De prisa y sin voltear 31 March 2008
Yo, como todos ustedes, claro, batallo para entender a la gente. Dejé de preocuparme demasiado por eso hace años, pero cuando me da lo filosófica, no puedo evitar aún hoy sorprenderme de la naturaleza humana, su falta de lógica y la trascendencia de su infinita estupidez.
Lo que más me molesta es la incoherencia en la que pueden vivir tantas personas y peor cuando se dan el lujo de juzgarte sin una invitación. En este rubro cabrían:
- las feministas radicales vueltas defensoras de los derechos de la familia, la belleza de la maternidad y la monogamia heterosexual.
- las drogadictas promiscuas vueltas cristianas / new age / scientólogas que acotan que tu vida es “poco espiritual” porque los credos te valen madres
- los que aún creen que la cantidad de hijos que engendran equivale proporcionalmente a su hombría
- aquellos entes que consideran que un mínimo respeto y conciencia ecológica son fantochadas
- etc.
Para mí es mitología eso del arrepentimiento sin segundas intenciones, la bondad descubierta y todas esas cosas que hacen a gente decir cosas como:
“No vuelvo a trabajar en en ningún proyecto que ofenda mi fe, mi familia o mi comunidad latina”, dice ahora orgulloso.
¿Y a qué obedece este cambio? La vida superficial basada en los placeres dejó de llenarlo.
La ironía de la vida en todo su esplendor! Pfff!
Yo soy harina de otro molino; tengo firmes valores que no tienen que ver con los morales, tengo ideales que no tienen que ver con el capitalismo y tengo un espíritu que va más allá de las habilidades administrativas de cualquier iglesia; mis experiencias de vida son, buenas y malas por igual, para mí tan valiosas y apreciadas que estaría literalmente “escupiendo para arriba” si decidiera, un buen domingo del señor, arrepentirme de todos mis pecados y encontrar una respuesta más allá de mi humana condición. No.
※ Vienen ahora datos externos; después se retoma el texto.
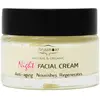 Anti-Rimpel Nachtcrème Argan Arganour (50 ml)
Soy la consecuencia de todo lo que decidí y lo que no decidí pero me sucedió, de las cosas que busqué y las que me encontraron, de aquéllos que me quieren y los que me dañaron. Hice algo con los datos que protagonicé, con mi historia, con las armas que tener un cerebro funcional me asignaron y por lo mismo, puedo asegurar algo:
No te creo.
Ajá, no me vengas conque la verdad la tienes tú, con sermones huecos y revelaciones de adultez que te llevan por el “camino de la luz”. Si en verdad fueras tan feliz, tan completa, tan mil veces intocable por los placeres mundanos en los que yo estoy sumergida -o me regodeo-, ni siquiera tendrías que decírmelo porque se notaría tan a todas luces que sin provocación me acercaría a decirte que resplandeces.
No te creo.
No creo que estés más allá del dolor de la soledad, de las lágrimas de ira, puedas voluntariamente callar los chillidos entre tus piernas o no disfrutes de los chismes de barrio; eres como yo, carne y hueso, y más allá de toda duda, un ser humano que tuvo en sus manos su destino y se dio por vencida por, claro, su propia pusilanimidad.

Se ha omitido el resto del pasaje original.